Each record needs to be echoed exactly; can you do that?

....................

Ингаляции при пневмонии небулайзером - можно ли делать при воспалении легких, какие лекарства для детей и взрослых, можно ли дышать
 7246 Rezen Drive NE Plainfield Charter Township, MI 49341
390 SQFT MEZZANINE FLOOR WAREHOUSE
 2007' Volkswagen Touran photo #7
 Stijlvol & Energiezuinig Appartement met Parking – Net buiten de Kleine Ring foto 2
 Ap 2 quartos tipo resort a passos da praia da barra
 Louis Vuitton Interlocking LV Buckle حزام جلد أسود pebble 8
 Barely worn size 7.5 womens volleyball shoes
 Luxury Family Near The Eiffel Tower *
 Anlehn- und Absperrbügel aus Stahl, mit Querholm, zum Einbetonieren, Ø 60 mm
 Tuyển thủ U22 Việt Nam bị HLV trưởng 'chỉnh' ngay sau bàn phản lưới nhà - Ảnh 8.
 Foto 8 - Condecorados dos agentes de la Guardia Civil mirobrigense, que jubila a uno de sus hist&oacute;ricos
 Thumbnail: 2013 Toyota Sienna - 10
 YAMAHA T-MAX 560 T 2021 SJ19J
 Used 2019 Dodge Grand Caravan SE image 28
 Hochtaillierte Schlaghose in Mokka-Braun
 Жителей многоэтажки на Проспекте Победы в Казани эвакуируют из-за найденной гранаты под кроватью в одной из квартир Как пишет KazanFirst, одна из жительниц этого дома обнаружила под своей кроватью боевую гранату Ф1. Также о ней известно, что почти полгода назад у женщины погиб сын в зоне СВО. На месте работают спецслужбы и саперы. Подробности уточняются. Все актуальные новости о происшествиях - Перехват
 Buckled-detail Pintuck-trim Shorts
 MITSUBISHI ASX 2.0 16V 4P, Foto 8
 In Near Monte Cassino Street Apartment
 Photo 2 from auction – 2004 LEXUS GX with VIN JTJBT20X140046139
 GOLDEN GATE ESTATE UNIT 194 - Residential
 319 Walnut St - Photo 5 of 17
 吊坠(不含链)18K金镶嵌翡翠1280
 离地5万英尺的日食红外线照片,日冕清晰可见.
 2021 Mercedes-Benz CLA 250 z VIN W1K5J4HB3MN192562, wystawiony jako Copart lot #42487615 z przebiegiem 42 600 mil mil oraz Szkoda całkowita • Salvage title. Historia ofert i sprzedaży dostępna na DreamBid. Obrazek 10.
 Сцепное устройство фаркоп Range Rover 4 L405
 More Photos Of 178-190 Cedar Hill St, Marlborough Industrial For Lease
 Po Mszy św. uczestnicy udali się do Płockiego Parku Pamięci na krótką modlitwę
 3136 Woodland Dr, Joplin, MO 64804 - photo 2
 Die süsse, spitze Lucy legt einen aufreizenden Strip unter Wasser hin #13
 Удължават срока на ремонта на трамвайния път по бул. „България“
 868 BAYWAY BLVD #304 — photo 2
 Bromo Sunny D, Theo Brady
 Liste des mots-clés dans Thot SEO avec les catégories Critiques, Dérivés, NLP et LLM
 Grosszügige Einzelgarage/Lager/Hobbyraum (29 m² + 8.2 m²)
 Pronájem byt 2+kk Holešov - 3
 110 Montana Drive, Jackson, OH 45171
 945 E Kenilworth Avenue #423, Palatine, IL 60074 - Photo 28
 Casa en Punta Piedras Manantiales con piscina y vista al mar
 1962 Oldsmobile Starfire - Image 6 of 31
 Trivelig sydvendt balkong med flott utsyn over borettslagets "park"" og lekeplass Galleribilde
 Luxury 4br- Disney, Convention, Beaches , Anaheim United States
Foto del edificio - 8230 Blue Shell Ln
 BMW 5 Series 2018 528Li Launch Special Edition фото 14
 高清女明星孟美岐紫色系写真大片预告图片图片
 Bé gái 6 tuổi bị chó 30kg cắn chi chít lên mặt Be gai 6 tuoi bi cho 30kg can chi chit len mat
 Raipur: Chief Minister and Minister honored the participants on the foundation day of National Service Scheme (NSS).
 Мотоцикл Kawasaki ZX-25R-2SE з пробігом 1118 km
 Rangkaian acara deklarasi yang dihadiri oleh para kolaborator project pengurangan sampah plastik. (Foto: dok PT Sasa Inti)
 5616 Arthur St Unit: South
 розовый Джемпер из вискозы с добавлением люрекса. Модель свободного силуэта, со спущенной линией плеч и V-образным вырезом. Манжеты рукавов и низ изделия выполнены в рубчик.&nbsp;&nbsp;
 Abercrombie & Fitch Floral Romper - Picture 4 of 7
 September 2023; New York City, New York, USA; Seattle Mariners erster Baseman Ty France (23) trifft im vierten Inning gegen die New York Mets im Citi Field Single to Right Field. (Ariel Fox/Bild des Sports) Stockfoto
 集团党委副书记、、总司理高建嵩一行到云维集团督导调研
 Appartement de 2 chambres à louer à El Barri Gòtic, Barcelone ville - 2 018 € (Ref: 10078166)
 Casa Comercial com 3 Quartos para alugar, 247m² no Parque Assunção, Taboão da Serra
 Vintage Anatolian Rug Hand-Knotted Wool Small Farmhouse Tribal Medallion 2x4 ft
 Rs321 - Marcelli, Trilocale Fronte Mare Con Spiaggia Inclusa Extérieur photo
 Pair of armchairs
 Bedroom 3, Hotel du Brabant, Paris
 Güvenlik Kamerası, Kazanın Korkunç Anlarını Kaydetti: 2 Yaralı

....................

SOLUTION BELOW:
Ингаляции при пневмонии небулайзером - можно ли делать при воспалении легких, какие лекарства для детей и взрослых, можно ли дышать
 7246 Rezen Drive NE Plainfield Charter Township, MI 49341
390 SQFT MEZZANINE FLOOR WAREHOUSE
 2007' Volkswagen Touran photo #7
 Stijlvol & Energiezuinig Appartement met Parking – Net buiten de Kleine Ring foto 2
 Ap 2 quartos tipo resort a passos da praia da barra
 Louis Vuitton Interlocking LV Buckle حزام جلد أسود pebble 8
 Barely worn size 7.5 womens volleyball shoes
 Luxury Family Near The Eiffel Tower *
 Anlehn- und Absperrbügel aus Stahl, mit Querholm, zum Einbetonieren, Ø 60 mm
 Tuyển thủ U22 Việt Nam bị HLV trưởng 'chỉnh' ngay sau bàn phản lưới nhà - Ảnh 8.
 Foto 8 - Condecorados dos agentes de la Guardia Civil mirobrigense, que jubila a uno de sus hist&oacute;ricos
 Thumbnail: 2013 Toyota Sienna - 10
 YAMAHA T-MAX 560 T 2021 SJ19J
 Used 2019 Dodge Grand Caravan SE image 28
 Hochtaillierte Schlaghose in Mokka-Braun
 Жителей многоэтажки на Проспекте Победы в Казани эвакуируют из-за найденной гранаты под кроватью в одной из квартир Как пишет KazanFirst, одна из жительниц этого дома обнаружила под своей кроватью боевую гранату Ф1. Также о ней известно, что почти полгода назад у женщины погиб сын в зоне СВО. На месте работают спецслужбы и саперы. Подробности уточняются. Все актуальные новости о происшествиях - Перехват
 Buckled-detail Pintuck-trim Shorts
 MITSUBISHI ASX 2.0 16V 4P, Foto 8
 In Near Monte Cassino Street Apartment
 Photo 2 from auction – 2004 LEXUS GX with VIN JTJBT20X140046139
 GOLDEN GATE ESTATE UNIT 194 - Residential
 319 Walnut St - Photo 5 of 17
 吊坠(不含链)18K金镶嵌翡翠1280
 离地5万英尺的日食红外线照片,日冕清晰可见.
 2021 Mercedes-Benz CLA 250 z VIN W1K5J4HB3MN192562, wystawiony jako Copart lot #42487615 z przebiegiem 42 600 mil mil oraz Szkoda całkowita • Salvage title. Historia ofert i sprzedaży dostępna na DreamBid. Obrazek 10.
 Сцепное устройство фаркоп Range Rover 4 L405
 More Photos Of 178-190 Cedar Hill St, Marlborough Industrial For Lease
 Po Mszy św. uczestnicy udali się do Płockiego Parku Pamięci na krótką modlitwę
 3136 Woodland Dr, Joplin, MO 64804 - photo 2
 Die süsse, spitze Lucy legt einen aufreizenden Strip unter Wasser hin #13
 Удължават срока на ремонта на трамвайния път по бул. „България“
 868 BAYWAY BLVD #304 — photo 2
 Bromo Sunny D, Theo Brady
 Liste des mots-clés dans Thot SEO avec les catégories Critiques, Dérivés, NLP et LLM
 Grosszügige Einzelgarage/Lager/Hobbyraum (29 m² + 8.2 m²)
 Pronájem byt 2+kk Holešov - 3
 110 Montana Drive, Jackson, OH 45171
 945 E Kenilworth Avenue #423, Palatine, IL 60074 - Photo 28
 Casa en Punta Piedras Manantiales con piscina y vista al mar
 1962 Oldsmobile Starfire - Image 6 of 31
 Trivelig sydvendt balkong med flott utsyn over borettslagets "park"" og lekeplass Galleribilde
 Luxury 4br- Disney, Convention, Beaches , Anaheim United States
Foto del edificio - 8230 Blue Shell Ln
 BMW 5 Series 2018 528Li Launch Special Edition фото 14
 高清女明星孟美岐紫色系写真大片预告图片图片
 Bé gái 6 tuổi bị chó 30kg cắn chi chít lên mặt Be gai 6 tuoi bi cho 30kg can chi chit len mat
 Raipur: Chief Minister and Minister honored the participants on the foundation day of National Service Scheme (NSS).
 Мотоцикл Kawasaki ZX-25R-2SE з пробігом 1118 km
 Rangkaian acara deklarasi yang dihadiri oleh para kolaborator project pengurangan sampah plastik. (Foto: dok PT Sasa Inti)
 5616 Arthur St Unit: South
 розовый Джемпер из вискозы с добавлением люрекса. Модель свободного силуэта, со спущенной линией плеч и V-образным вырезом. Манжеты рукавов и низ изделия выполнены в рубчик.&nbsp;&nbsp;
 Abercrombie & Fitch Floral Romper - Picture 4 of 7
 September 2023; New York City, New York, USA; Seattle Mariners erster Baseman Ty France (23) trifft im vierten Inning gegen die New York Mets im Citi Field Single to Right Field. (Ariel Fox/Bild des Sports) Stockfoto
 集团党委副书记、、总司理高建嵩一行到云维集团督导调研
 Appartement de 2 chambres à louer à El Barri Gòtic, Barcelone ville - 2 018 € (Ref: 10078166)
 Casa Comercial com 3 Quartos para alugar, 247m² no Parque Assunção, Taboão da Serra
 Vintage Anatolian Rug Hand-Knotted Wool Small Farmhouse Tribal Medallion 2x4 ft
 Rs321 - Marcelli, Trilocale Fronte Mare Con Spiaggia Inclusa Extérieur photo
 Pair of armchairs
 Bedroom 3, Hotel du Brabant, Paris
 Güvenlik Kamerası, Kazanın Korkunç Anlarını Kaydetti: 2 Yaralı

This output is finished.